IE: Even with the choir and voice work, even if it’s dissonant, the melody is embedded in there. It’s there somehow, this lullaby. [Laughs] And also just to go back to what Gerry said, when we did this more atmospheric, ghostly, horrific ambiance, we also use the melody, but maybe it’s so slowed down you could never tell it’s the melody. Sometimes it maybe sounds like a flute, but then the real flute comes in. We really just tried to work within this small, ghostly and horrific soundscape rather than typical scary.
That approach is really effective here as so many of the horror elements within MADRES simply speak for themselves.
IE: Right!? It is true. And Ryan Zaragoza is not your typical horror fan either, so we really leaned into that.
GGJ Also, big props to Ryan for allowing there to be so much space for music. That’s not often the case with directors and scores and there was so much left for us to be able to have a real presence with our music.
IE: Yeah, even at the script stage he could like point out where it would be very music heavy. Even before they started to film, he already knew that this music box here would be a big, big part of the family. He already knew all of that.

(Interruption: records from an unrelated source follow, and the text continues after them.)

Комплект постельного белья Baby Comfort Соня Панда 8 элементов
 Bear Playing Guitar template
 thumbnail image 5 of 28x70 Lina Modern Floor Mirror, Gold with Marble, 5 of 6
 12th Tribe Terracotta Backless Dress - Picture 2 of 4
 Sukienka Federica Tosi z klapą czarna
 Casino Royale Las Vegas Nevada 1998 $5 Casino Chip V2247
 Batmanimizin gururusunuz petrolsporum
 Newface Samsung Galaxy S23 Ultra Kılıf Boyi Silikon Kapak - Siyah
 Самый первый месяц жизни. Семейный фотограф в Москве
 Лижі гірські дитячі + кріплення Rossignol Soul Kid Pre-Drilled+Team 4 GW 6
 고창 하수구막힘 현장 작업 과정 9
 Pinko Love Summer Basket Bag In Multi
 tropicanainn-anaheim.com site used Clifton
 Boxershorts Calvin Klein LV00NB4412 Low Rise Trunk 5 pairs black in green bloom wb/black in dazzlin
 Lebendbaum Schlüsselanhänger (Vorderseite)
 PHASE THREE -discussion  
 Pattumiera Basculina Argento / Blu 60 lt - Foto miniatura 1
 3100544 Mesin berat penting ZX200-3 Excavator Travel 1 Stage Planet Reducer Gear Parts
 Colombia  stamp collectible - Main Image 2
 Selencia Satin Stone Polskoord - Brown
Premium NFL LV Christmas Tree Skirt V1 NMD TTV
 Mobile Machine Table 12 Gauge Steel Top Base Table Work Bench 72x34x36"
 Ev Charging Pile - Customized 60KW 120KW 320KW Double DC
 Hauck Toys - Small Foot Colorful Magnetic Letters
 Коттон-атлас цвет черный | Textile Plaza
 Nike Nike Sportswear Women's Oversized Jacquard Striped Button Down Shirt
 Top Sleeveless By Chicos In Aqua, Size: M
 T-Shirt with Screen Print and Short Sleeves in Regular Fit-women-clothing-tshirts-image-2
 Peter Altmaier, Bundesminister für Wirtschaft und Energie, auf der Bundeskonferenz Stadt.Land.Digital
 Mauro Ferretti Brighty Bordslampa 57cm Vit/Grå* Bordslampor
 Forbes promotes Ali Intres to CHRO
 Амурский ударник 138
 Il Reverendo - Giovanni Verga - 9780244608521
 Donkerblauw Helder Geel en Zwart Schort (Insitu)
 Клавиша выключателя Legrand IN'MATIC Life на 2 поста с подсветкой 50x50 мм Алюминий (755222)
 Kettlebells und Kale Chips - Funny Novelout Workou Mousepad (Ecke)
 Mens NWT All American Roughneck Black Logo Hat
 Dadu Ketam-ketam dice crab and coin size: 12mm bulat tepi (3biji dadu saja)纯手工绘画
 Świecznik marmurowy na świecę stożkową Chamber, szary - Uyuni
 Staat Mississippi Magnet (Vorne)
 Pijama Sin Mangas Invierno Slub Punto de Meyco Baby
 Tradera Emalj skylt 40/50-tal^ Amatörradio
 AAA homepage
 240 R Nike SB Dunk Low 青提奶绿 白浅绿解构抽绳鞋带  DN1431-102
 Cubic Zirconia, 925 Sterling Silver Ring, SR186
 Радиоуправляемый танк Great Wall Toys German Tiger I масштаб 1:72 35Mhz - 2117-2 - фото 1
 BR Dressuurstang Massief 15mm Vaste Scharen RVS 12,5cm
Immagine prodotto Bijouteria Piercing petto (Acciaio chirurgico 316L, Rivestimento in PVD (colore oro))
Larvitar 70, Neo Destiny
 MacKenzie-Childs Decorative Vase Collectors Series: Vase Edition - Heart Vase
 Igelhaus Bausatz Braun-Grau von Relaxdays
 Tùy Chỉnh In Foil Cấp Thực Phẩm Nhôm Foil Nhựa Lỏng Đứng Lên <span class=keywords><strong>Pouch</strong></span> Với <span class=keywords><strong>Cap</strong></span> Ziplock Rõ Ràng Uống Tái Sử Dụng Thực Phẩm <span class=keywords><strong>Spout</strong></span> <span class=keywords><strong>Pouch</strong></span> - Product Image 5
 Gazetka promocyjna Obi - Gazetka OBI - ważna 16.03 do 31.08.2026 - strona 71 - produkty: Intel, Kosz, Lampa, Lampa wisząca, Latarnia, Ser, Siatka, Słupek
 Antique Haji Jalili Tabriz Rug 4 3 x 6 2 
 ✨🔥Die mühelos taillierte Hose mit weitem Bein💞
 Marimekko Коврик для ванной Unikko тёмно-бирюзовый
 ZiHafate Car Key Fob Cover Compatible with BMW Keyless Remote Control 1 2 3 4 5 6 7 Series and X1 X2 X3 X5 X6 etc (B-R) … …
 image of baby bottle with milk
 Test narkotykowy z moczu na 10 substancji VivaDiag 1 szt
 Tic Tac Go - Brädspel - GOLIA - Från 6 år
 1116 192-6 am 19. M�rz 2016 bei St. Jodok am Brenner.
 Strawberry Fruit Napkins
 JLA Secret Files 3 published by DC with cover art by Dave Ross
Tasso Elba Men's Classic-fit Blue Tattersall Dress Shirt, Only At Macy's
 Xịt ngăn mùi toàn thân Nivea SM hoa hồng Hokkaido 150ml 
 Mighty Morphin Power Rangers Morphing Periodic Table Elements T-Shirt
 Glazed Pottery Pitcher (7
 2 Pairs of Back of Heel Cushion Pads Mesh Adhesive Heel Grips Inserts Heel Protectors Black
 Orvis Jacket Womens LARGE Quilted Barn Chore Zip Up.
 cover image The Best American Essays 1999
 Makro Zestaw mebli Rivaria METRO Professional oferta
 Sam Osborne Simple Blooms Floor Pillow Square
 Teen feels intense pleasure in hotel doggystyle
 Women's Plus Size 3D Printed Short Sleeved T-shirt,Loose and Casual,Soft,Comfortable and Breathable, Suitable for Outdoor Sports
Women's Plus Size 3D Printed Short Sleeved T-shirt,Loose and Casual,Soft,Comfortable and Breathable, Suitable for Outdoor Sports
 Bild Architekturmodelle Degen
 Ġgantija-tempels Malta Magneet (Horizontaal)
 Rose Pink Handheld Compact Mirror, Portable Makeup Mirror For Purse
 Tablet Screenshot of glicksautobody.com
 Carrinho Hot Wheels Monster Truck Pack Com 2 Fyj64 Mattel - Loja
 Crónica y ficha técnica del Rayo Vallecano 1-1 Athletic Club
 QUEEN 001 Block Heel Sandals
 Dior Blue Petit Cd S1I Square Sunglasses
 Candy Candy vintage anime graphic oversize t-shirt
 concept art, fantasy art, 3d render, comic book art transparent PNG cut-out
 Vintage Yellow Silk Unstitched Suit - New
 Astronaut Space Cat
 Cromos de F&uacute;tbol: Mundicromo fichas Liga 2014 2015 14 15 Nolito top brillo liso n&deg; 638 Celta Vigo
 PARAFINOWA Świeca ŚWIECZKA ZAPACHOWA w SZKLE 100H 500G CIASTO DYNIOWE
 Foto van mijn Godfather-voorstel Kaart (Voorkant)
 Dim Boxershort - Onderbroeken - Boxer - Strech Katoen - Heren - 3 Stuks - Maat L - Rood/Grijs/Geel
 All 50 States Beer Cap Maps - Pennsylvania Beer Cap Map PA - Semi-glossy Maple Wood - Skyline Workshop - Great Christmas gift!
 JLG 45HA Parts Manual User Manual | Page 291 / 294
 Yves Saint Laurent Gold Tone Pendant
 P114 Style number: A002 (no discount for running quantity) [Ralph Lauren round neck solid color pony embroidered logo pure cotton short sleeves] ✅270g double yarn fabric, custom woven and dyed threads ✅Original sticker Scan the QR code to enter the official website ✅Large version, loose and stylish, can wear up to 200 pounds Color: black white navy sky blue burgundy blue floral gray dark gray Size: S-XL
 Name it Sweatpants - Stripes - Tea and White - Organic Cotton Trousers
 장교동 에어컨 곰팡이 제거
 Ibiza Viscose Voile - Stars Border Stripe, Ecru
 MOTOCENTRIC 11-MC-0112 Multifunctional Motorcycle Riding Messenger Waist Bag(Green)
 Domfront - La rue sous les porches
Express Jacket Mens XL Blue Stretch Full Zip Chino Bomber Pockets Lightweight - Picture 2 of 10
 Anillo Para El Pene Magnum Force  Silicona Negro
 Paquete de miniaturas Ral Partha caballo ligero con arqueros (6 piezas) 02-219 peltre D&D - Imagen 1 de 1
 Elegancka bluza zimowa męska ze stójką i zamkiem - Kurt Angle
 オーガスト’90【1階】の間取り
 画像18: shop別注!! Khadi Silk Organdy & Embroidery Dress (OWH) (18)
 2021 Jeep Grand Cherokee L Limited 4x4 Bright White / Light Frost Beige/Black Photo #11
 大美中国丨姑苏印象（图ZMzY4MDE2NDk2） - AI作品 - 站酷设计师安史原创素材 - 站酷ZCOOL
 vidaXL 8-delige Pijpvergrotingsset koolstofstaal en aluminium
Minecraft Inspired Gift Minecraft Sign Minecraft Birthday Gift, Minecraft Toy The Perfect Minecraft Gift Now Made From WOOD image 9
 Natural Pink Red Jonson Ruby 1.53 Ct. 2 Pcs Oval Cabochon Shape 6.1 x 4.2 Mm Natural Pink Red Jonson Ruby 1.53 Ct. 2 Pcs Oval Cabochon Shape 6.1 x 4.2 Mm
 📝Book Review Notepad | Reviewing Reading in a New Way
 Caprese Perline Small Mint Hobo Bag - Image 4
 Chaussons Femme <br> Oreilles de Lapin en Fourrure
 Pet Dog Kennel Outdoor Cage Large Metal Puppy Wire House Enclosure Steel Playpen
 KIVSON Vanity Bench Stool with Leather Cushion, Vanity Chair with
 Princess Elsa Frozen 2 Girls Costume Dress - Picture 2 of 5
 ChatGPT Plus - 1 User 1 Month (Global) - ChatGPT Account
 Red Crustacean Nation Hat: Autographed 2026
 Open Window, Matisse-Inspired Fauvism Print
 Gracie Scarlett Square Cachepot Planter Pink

Seeing as you two often work as a duo, how did you two initially connect and what inspired you to collaborate on projects moving forward?
GGJ: We met at USC and we both got accepted the same year. They have a film scoring program and it was scoring for motion pictures and television. It’s very intimate, only about 20 people. We were always together in class and we had to present our scored scenes, our homework, to the class all the time. And, me and Isabelle, we were always just like, “Yours is my favorite.” [Laughs] We then worked on a student film together and we just really like working with each other. Then, after we graduated, we started working on everything together. It’s been a wonderful joy because it can be a very solitary career. So this way we’re constantly talking to each other, sending each other files, and working on each other’s stuff.
IE: And then another aspect is that we also compliment each other so well. We come from different directions musically. So when we meet, we have a broad palette to use, you know? I come from more of an experimental side and have a very broad background; from songwriting to jazz to pop music. And then I went into orchestral music. I love to create my own sound, create new sounds, think innovatively and you know, just try to do new things. And Gerardo, he is extremely good at melody. I always say that it’s better that he does the melody. [Laughs] So we kind of meet in the middle there, but we both do a little of everything throughout.
GGJ: Writing music for media, there can also often be a time limit aspect to it. So, we know each other, we have our strengths and our weakness, and in terms of efficiency, I can be like, “Oh, Isabelle, you should take this. You can definitely do this part really easily.” And vice-versa. Oftentimes we will both write material too. Or let’s say I just make a bunch of melodies and then Isabelle will take a part and say, “Oh, this would be perfect here.” Then she adapts and arranges it and makes whatever sounds she wants to make off of that. It’s very, very fun and it’s a great collaboration. We learn a lot from each other and I’m much better myself because I work with her.
MADRES is now streaming on Amazon Prime Video as part of the Welcome to the Blumhouse film series.